Omar Harry Balmes Manzano, professionally known as Omar Baliw, is a Filipino rapper.

==Career==
Omar Harry Manzano is a native of Naga, Camarines Sur but is a resident of Pembo, Makati (now Taguig). He started making music while he was still a teenager and worked odd-jobs during college such as being a gasoline station attendant and a restroom cleaner.

He started being active in the hip-hop scene in 2008 and later released his debut album "High Minds Music" in 2011. His parents were skeptical of him pursuing a career in the genre but a microphone he was gifted by his then-girlfriend now wife encouraged him. His stage name Omar Baliw (baliw being Filipino for "crazy") is a reference to his performing style which is characterized by tendency to jump and perform somersaults. He has named Gloc-9 as an inspiration for his works.

His big break came when he released "K&B" in 2019 which was performed with fellow artist CLR.

Omar Baliw established presence in Spotify and set up a YouTube channel to exhibit his works. He is also present in Facebook and TikTok. He has also collaborated with other artists including Gloc-9.
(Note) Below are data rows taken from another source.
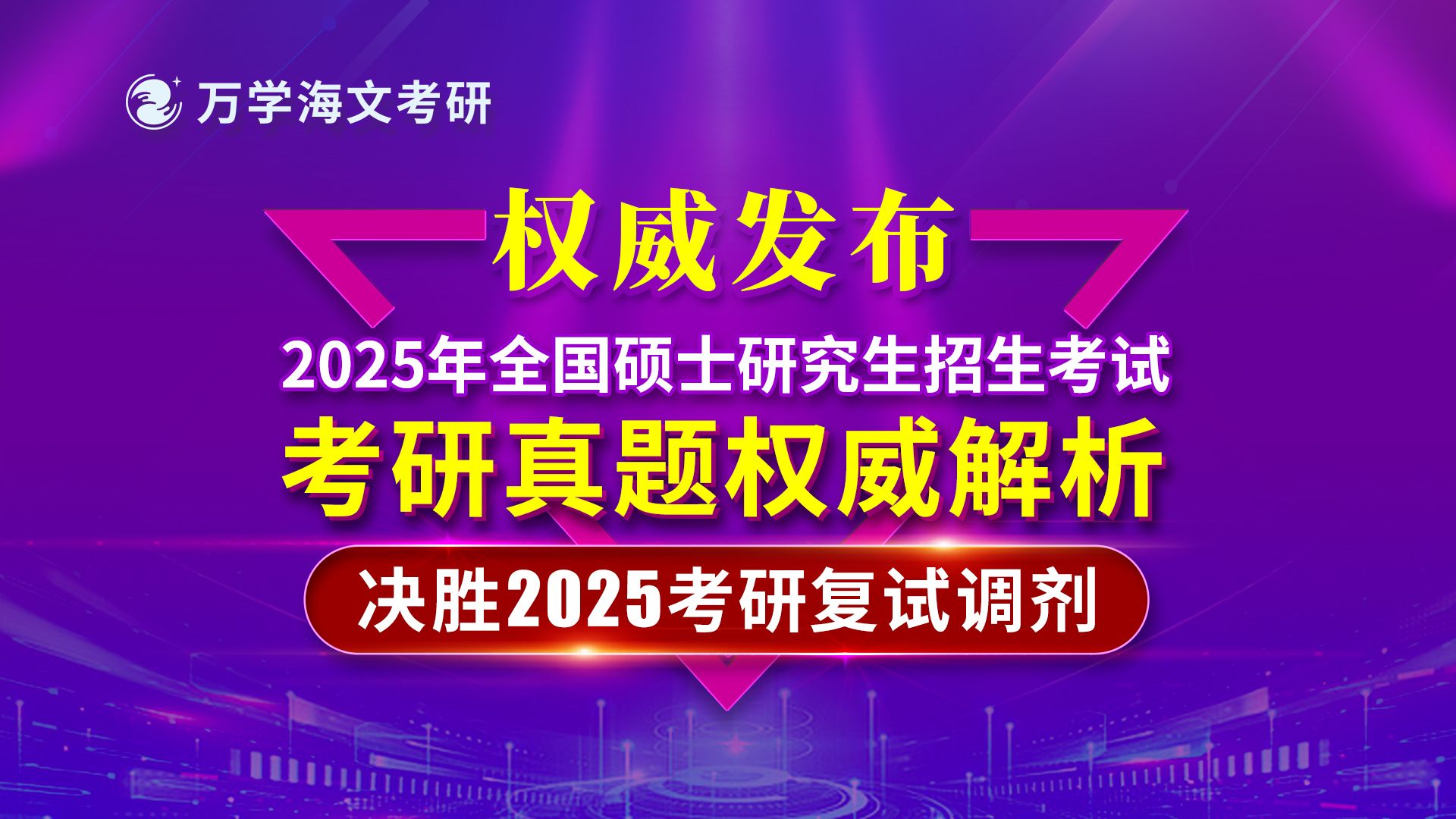 [图]2025全国研究生招生考试（政治）真题解析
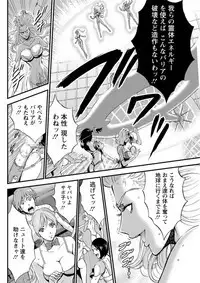 Seireki 2200 Nen no Ota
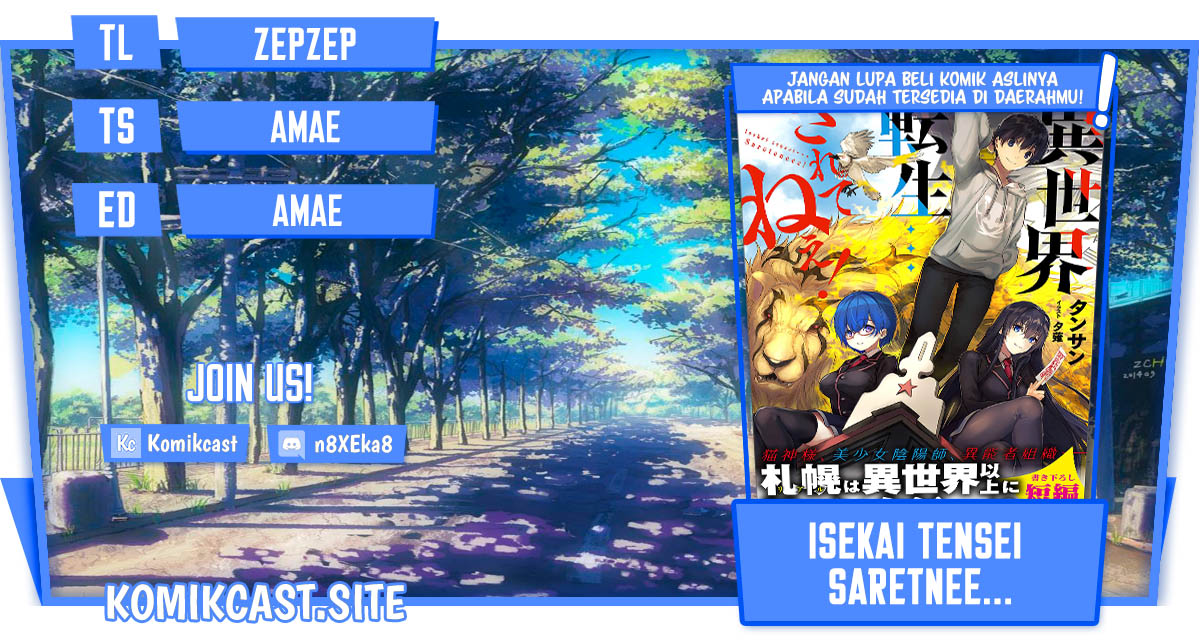 Baca Komik Isekai Tensei… Saretenee! Chapter 61 Gambar 1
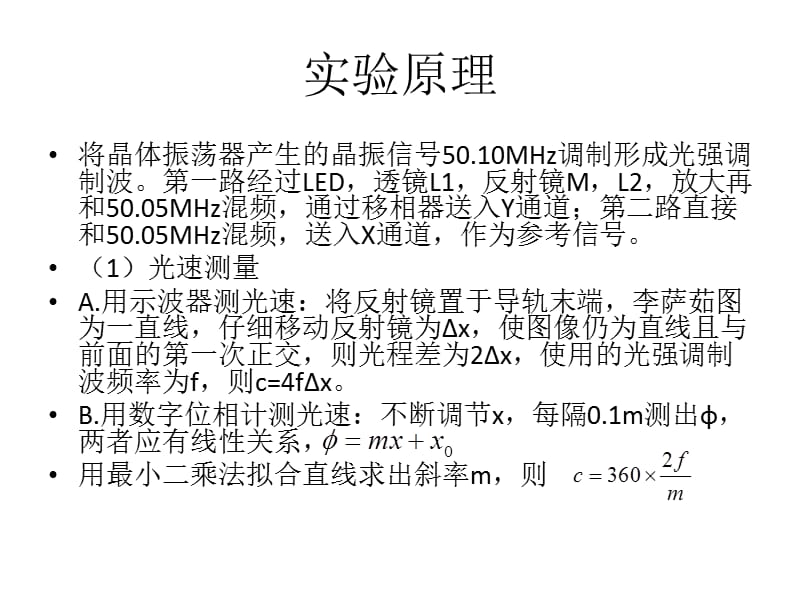 实验4-4光速实验II-光速和介质折射率测量幻灯片资料_第2页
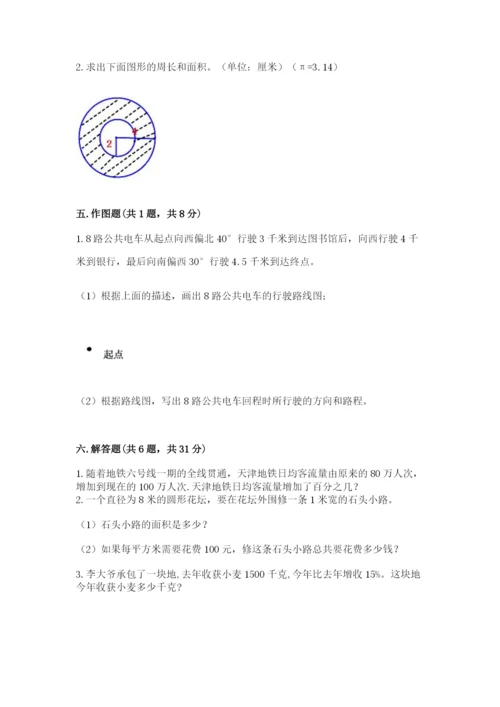 2022人教版六年级上册数学期末考试试卷及答案（精选题）.docx
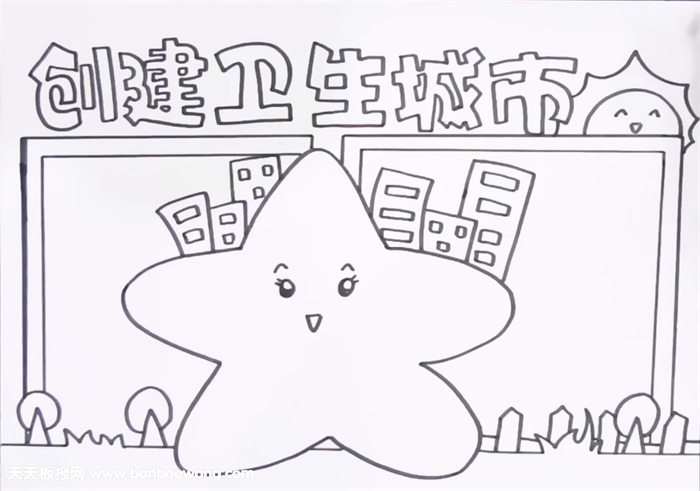 创卫手抄报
In June 2022, Believe Artist Services signed Omar to a management contract In June 2023, he became part of the Asintada Management and Production Inc. talent agency ran by Gloc-9's wife.

In September 2023, he announced intention to retire in five years time before he turns 40 years old to focus on his family.

Baliw sued senatorial candidate and Kingdom of Jesus Christ founder Apollo Quiboloy for using a remix of his song "K&B" for the pastor's campaign jingle in March 2025.

==Personal life==
He is married to Dana, whom he first dated during his college years. He has two children. He also runs the High Minds Clothing line.